01.09.16
District nursing ‘crisis’ putting care in the community aims at risk
District nurses are struggling to deliver care because staff numbers are not keeping pace with demand, the King’s Fund has said.
A new report from the think tank, based on research into three district nursing services which provide care at home, found staff at all three are reporting a dramatic increase in the number of patients and the complexity of their conditions.
This also meant nurses were required to provide more complex services, with one team leader saying they were acting “like hospitals at home”. This was combined with a high staff turnover and decreasing numbers, with one service having lost half its staff in the past three years.
Nationally, the number of full-time equivalent district nurses fell by 13.6% in March 2014-16.
The report said nurses were trapped in a “vicious circle” where the pressure on staff was encouraging nurses to leave their jobs, making the work harder for the remaining nurses, which makes it harder to recruit more.
Staff were also likely to leave to work in primary and specialist care, which are perceived as less stressful, or to work as hospital nurses and health visitors, where the government is seeking to boost numbers.
Anna Charles, policy researcher at The King’s Fund, said: “At its best, district nursing offers an ideal model of person centred, preventive, community-based care. For years, health service leaders have talked about the importance of providing more care in the community, but this objective cannot be achieved when district nursing is on the edge of crisis and a poverty of national data means the quality of services is not properly monitored.
“It is worrying that the people most likely to be affected by this are often vulnerable and also among those who are most likely to be affected by cuts in social care and voluntary sector services. It is even more troubling that this is happening ‘behind closed doors’ in people’s homes, creating a real danger that serious failures in care could go undetected because they are invisible.”
Interviewees said the staffing shortage could also be due to an increasingly ageing workforce, as older nurses take early retirement or reduce their hours and are not replaced.
The report also suggested that the staffing shortage meant services were struggling to keep up with training requirements for their staff, and inexperienced nurses were often being promoted to senior roles.
The NHS faces clinical staff shortages of up to 5.9%, which the Public Accounts Committee has said is partly due to the government’s ‘mismanagement’ of the health workforce.
Nurses also identified problems with primary care leading to an increase in their workload, and that they were increasingly taking on work previously done by social workers because of cuts to social care.
Interviewees said that district nursing was “an unknown quality” to senior NHS figures, with commissioners either not seeing the point in commissioning community nursing or lacking the resources to do so.

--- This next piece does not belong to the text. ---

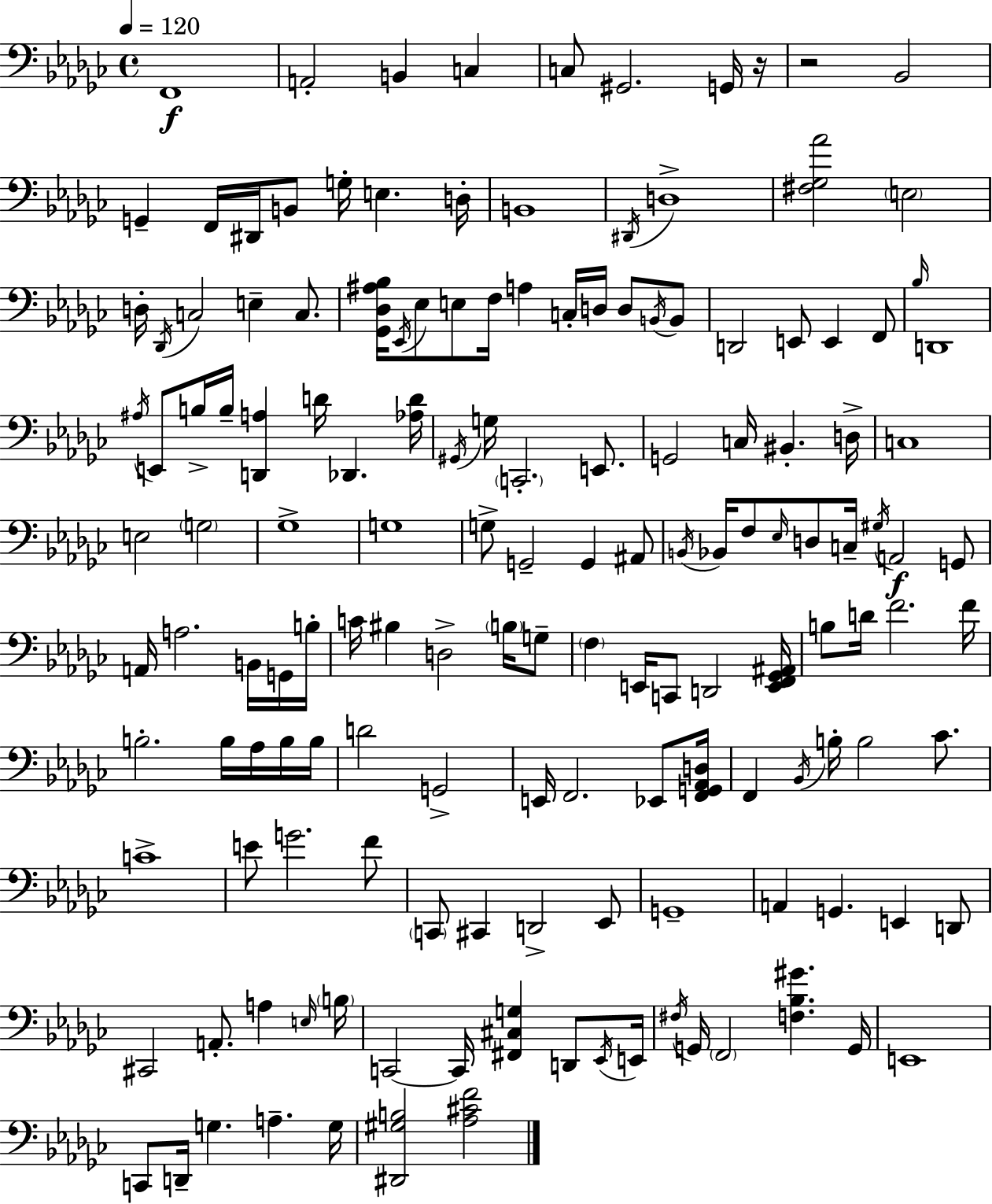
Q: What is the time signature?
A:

The King’s Fund said that more support for district nursing is vital to fulfil the aim of more community-based care, part of the Five Year Forward View. It recommended that district nursing service leaders are included in local plans for service redesign.
It also said that national mechanisms for healthcare oversight need to be adapted to provide better scrutiny of district nursing, and that district nurses should be encouraged to take up digital technologies in order to make their work more efficient.

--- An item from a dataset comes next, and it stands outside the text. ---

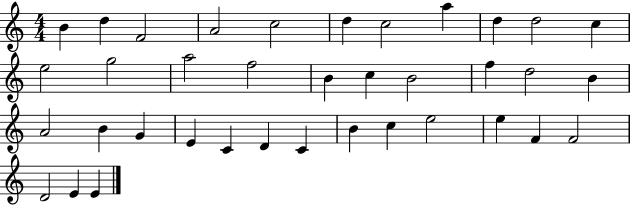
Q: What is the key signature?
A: C major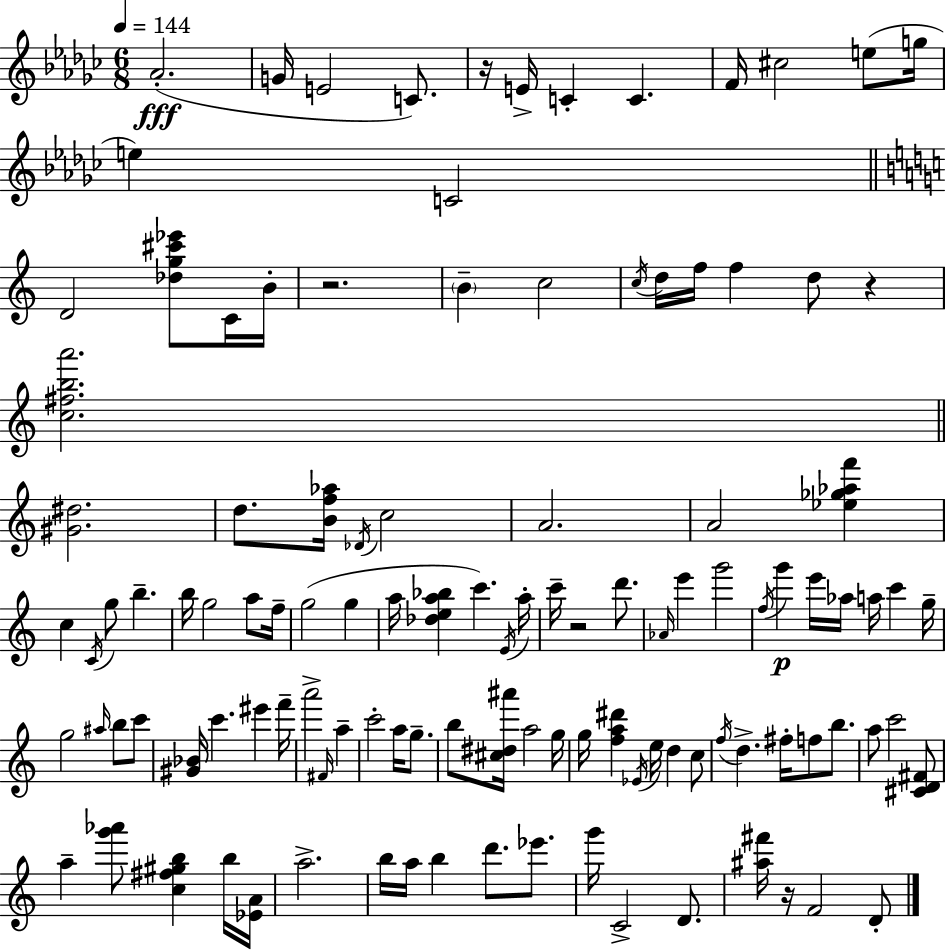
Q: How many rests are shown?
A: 5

Kathryn Yates, professional lead for primary and community care for the Royal College of Nursing (RCN), said: “There is much to take away from this report which the RCN will want to work with other organisations on.
“However, the main message is that to meet the level of need for high-quality care, the long-term problem of staffing has to be tackled now. To let the decline continue would be to knowingly deprive patients of care which makes a proven difference.”